In both instances, the customer must choose a pre-configured printing element blank from a menu of printing element blanks offered by the manufacturer. The customer does not have any control over the particular configuration of the printing element. Thus, the selected printing element may not be the most suitable for the customer's printing requirements. Furthermore, the manufacturer must also maintain an extensive menu of printing element configurations to offer to customers. These configurations include, for example, digital and analog plate configurations, which may have different photocurable layers with different formulations, with and without cap layers, and with and without other specialized layers.

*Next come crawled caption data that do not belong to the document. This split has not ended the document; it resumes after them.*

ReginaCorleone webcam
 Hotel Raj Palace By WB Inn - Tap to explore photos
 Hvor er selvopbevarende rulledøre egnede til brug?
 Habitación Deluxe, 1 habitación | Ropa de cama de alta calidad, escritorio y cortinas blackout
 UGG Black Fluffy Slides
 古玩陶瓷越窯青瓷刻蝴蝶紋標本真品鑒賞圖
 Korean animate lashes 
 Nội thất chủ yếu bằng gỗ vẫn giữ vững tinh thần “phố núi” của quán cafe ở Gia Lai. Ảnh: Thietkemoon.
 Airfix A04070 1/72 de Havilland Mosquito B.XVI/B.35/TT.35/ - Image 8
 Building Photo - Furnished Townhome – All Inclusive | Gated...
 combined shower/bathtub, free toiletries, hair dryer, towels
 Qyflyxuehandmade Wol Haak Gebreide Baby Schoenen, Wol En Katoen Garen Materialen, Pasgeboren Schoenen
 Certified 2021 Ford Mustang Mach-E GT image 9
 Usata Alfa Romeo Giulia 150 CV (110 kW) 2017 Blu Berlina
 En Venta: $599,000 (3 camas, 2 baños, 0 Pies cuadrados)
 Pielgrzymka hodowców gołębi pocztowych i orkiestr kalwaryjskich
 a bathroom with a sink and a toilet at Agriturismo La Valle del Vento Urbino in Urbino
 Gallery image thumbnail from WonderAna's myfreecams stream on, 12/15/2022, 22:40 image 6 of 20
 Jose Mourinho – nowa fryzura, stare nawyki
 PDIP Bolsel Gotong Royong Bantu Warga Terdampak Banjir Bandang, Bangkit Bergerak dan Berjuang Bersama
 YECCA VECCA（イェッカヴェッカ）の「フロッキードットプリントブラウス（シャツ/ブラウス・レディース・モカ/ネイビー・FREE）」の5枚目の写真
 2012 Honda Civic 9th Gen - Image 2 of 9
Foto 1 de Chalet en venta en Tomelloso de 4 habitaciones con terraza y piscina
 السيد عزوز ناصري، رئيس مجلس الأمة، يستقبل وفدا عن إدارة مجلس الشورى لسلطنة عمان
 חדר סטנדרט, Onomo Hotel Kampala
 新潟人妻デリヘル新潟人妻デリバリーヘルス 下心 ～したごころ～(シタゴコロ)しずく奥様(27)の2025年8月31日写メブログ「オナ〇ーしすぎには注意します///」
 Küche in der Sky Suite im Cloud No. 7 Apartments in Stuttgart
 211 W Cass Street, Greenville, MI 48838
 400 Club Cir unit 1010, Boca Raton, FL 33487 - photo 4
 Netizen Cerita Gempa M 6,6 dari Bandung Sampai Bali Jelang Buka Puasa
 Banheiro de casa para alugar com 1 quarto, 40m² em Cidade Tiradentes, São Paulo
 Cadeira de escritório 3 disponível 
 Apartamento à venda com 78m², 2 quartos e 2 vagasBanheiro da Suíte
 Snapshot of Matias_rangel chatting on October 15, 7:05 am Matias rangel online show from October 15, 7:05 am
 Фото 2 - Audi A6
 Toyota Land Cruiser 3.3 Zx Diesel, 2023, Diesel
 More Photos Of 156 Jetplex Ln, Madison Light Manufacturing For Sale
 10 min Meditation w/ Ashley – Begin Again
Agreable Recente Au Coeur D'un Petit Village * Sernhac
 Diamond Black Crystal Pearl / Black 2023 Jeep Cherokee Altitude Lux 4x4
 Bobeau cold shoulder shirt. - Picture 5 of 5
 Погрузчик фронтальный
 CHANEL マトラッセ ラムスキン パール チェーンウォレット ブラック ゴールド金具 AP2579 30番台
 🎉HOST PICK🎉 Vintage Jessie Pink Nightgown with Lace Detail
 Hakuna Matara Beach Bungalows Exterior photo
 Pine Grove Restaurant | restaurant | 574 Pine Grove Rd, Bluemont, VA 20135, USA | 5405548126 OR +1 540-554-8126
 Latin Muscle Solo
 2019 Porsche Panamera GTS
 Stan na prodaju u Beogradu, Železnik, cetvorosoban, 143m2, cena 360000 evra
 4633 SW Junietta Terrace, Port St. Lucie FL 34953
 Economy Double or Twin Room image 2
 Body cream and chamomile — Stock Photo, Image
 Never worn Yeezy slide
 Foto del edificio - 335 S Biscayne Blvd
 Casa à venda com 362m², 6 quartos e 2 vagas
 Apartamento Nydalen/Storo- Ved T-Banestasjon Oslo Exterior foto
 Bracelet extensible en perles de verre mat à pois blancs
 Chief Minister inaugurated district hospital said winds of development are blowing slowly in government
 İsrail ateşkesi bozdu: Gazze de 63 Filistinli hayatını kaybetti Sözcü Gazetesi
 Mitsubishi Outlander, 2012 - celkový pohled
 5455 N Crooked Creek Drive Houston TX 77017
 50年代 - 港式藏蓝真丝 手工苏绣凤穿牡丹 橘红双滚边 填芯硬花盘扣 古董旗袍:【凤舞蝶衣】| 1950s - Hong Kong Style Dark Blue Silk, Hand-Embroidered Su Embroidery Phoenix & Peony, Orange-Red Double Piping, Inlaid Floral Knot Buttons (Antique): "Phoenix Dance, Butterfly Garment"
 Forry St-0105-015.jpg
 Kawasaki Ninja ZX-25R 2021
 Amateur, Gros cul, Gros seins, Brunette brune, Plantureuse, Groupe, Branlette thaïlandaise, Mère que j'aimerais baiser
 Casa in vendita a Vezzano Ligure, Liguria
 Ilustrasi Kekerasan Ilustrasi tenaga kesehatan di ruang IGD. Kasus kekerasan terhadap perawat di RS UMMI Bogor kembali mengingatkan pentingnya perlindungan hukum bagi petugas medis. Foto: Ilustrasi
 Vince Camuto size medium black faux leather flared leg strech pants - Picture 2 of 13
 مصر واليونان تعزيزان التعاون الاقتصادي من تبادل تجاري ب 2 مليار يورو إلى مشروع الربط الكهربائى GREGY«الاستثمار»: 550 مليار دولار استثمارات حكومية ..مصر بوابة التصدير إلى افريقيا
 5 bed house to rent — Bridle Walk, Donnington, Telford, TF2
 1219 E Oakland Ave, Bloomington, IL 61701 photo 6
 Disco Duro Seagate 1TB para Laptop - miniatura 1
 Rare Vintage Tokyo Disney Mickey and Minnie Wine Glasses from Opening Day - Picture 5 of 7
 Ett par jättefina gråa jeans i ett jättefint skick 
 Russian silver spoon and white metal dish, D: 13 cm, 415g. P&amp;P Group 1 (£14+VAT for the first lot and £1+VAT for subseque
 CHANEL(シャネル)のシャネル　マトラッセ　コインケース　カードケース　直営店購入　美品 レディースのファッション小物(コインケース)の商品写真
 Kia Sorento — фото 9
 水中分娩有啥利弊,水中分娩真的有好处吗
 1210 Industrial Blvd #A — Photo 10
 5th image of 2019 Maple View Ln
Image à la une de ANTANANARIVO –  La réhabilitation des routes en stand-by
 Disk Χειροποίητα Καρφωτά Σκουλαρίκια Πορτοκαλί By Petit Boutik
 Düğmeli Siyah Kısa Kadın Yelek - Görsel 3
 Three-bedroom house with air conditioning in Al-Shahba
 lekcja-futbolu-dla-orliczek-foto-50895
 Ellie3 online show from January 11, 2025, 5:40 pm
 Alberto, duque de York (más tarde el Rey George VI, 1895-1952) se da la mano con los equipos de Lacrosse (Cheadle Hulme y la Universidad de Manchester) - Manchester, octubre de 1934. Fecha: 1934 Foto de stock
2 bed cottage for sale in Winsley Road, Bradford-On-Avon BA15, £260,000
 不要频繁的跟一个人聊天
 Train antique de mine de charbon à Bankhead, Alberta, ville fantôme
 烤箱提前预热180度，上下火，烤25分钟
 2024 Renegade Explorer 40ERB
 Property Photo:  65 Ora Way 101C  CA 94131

This can lead to the need for additional storage space on the part of both the manufacturer and the customer for the many different products. In addition, there is also the additional expense and associated waste in connection therewith if a customer must go through trial and error to select a particular printing plate configuration that might or might not be suitable for their particular needs.
Thus, it would be desirable in the art to provide a method of creating a custom relief image printing blank that would allow a customer to configure a printing plate according to their particular needs and that would allow a manufacturer to offer various raw materials for such configuration.